Journals of course are of great importance in the advancement of science and I recall Charles Singer’s view (in his short history of modern science) of the necessity to have scientific findings exposed for verification or falsification in this process of the growth and advancement of science. One factor that inhibited the growth and emergence of modern science in pre-modern south Asia was the virtual absence of scientific societies and mechanisms for airing scientific findings2. On the other hand, researchers might, for whatever reason, be disinclined to publicize their findings or communicate with learned societies.
The fact, which was pointed out, that articles from South Asia do not appear, as often as they should, in western journals that are regarded as high Impact Factor (IF) journals is not always due to inferior quality. There is evidence of bad refereeing and discrimination by the western journals, for which I have much evidence. Here are some:-
A leading medical journal in the UK declined to publish a letter from us that showed, substantiating a first report from Scandinavian workers in the same journal, that intradermal typhoid vaccination was effective especially in inducing cell-mediated immunity3. That same journal published a letter from western authors, the only content of which was the popular cartoon of a face with a smile that the authors said they found in one of their microscope-fields. I did not know that this ‘scientific’ journal was competing with the humour magazine “Punch”. The letter itself was not published elsewhere later but the full article was3.
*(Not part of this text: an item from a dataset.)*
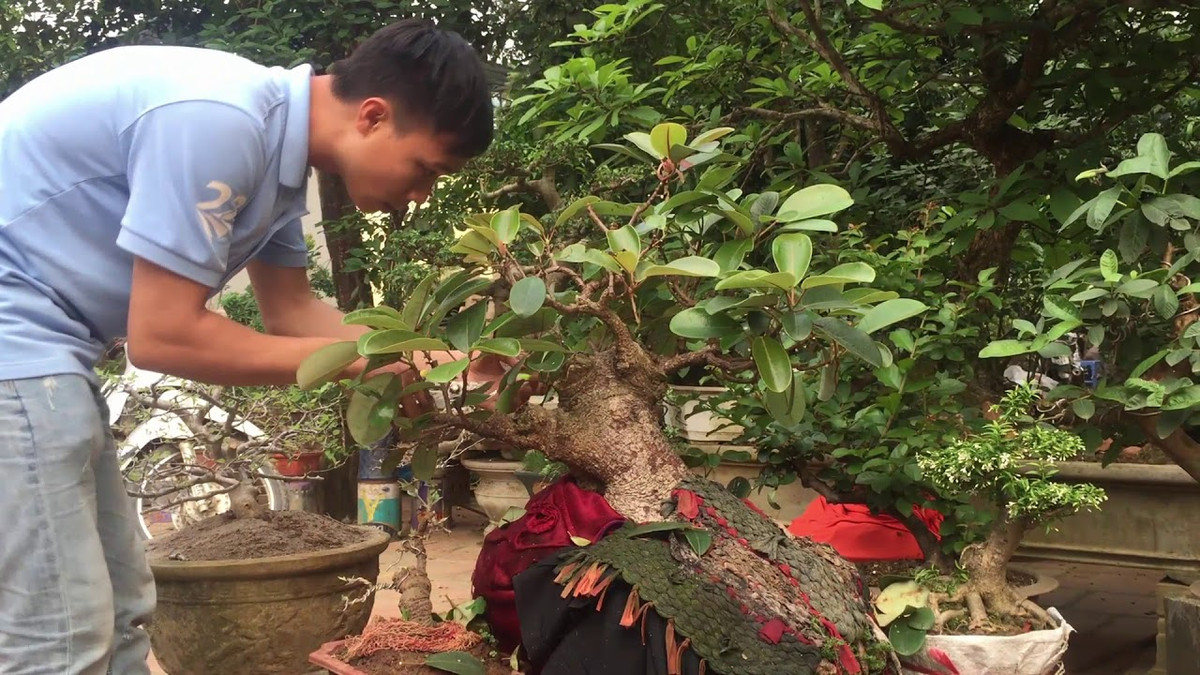 Đa búp đỏ lùn bám đá. Ảnh: Youtube.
A US reviewer of one of our submissions to a prestigious mycology journal in the US made negative comments in declining acceptance that indicated that he was not aware of the difference between an antiseptic and an antibiotic.
Another article that dealt with a new identification of a phenomenon in aflatoxin accumulation in foodstuffs, a very important topic in food-safety, was commented on by a reviewer also in the US as a technical error. The article was subsequently published unchanged in a British journal4.
An important article, a recommended reading in a major textbook on Medicine in the UK, was commented on by a leading UK journal as dealing with a very minor aspect. The same article was published by the same Journal5on the very positive recommendation of the second reviewer.
Since players of the IF game are mainly ‘journalists’ of the so-called high IF western journals, it becomes a vicious tautology, selective refereeing → selective indexing → citation indices identifying high IF journals → selective refereeing.
Only articles published in the so-called prestigious western journals are considered as containing “evidence”. Important findings by Asian authors are excluded as they do not find publication space in these so-called “high impact” (IF) factor journals. This has led to the emergence of a new disease called “Impactitis”67.
The point is that not all important, valid articles from South Asia find publication space in so-called prestigious journals of the West. This leads to a very important implication, that of Evidence-based Medicine, which is really Evidence-based Medicine from the West. The only remedy is of course to upgrade the quality of our regional journals and it was, therefore, a good idea of WHO/SEARO to have initiated a Regional Index Medicus to include these articles from Asian authors that are ignored by western journals. The second emerging disease in the game of publication is bad refereeing, a catchy name for which is solicited to match Impactitis.